Hardly any news if the information can be readily found on the Internet, but for me it was: Bergen Evans (1904-1978), the author of A Dictionary of Contemporary American Usage (1957) together with his sister Cornelia , hosted a talkshow on language. I didn’t know they had language talkshows in those days, but Wikipedia writes that Evans received an award in 1957 “for excellence in broadcasting for his CBS TV series The Last Word“.
Here we see him in action, in a TV show sponsored by a cigarette brand, something that would be unheard of today. (Imagine the headline: language talkshow sponsored by cigarette manufacturer!)

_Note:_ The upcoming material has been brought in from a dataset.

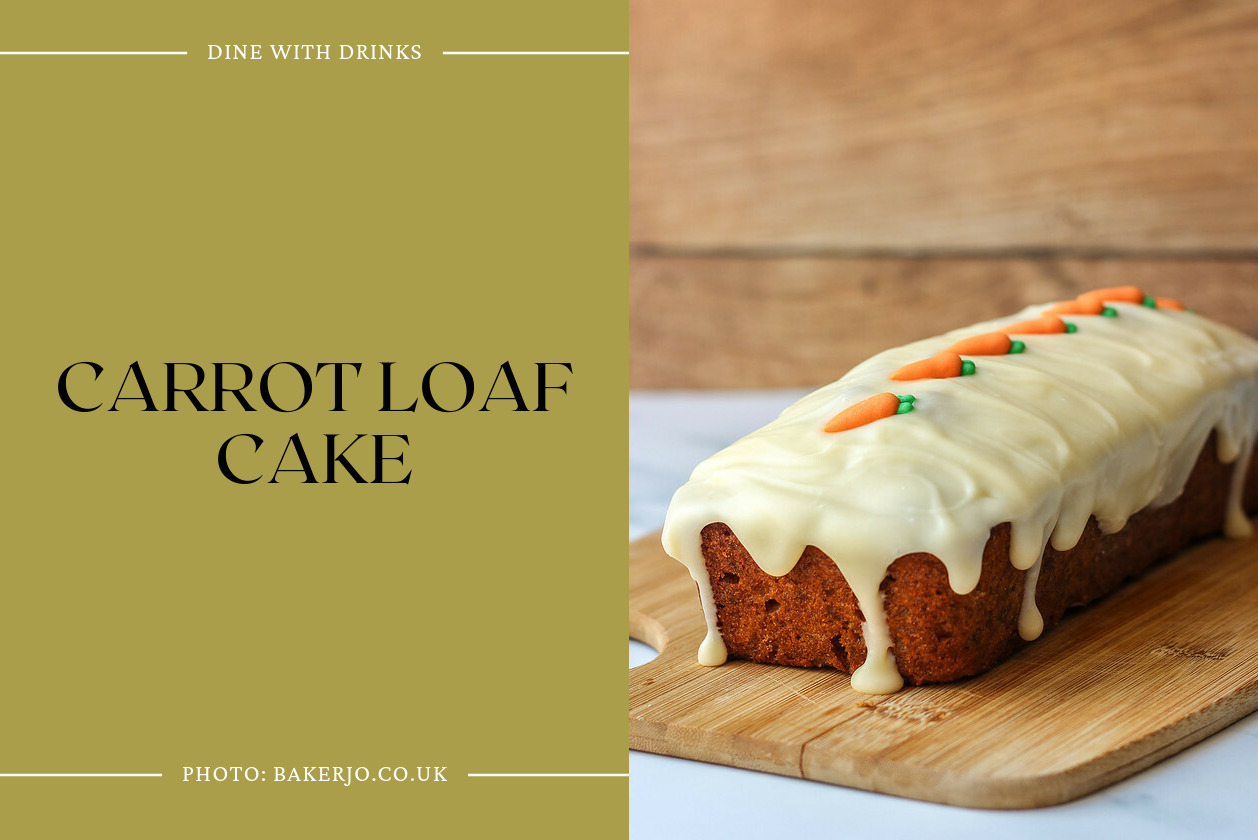 Carrot Loaf Cake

The picture is from a webpage on the Evans family, on a site called Totley History Group. On the same page, we see another picture of him, this time with his sister and co-usage-guide writer Cornelia (“Connie”):
The webpage also tells us that it took them seven years to write the book. Isn’t it all amazing! The webpage was also very helpful in determining Cornelia’s lifedates. It shows the family grave, and if I can read the numbers correctly, she lived from 1901-1986 (but please correct me if I’m wrong):
If only we had tapes of those discussions. It would be fascinating to see what issues the public raised: how many specifically US, how many the same as are raised now.
Absolutely! I tried to find out more about the talkshow, but there doesn’t seem to anything available online. I’m sure that CBS would have more information, but this I leave to other people to go into further.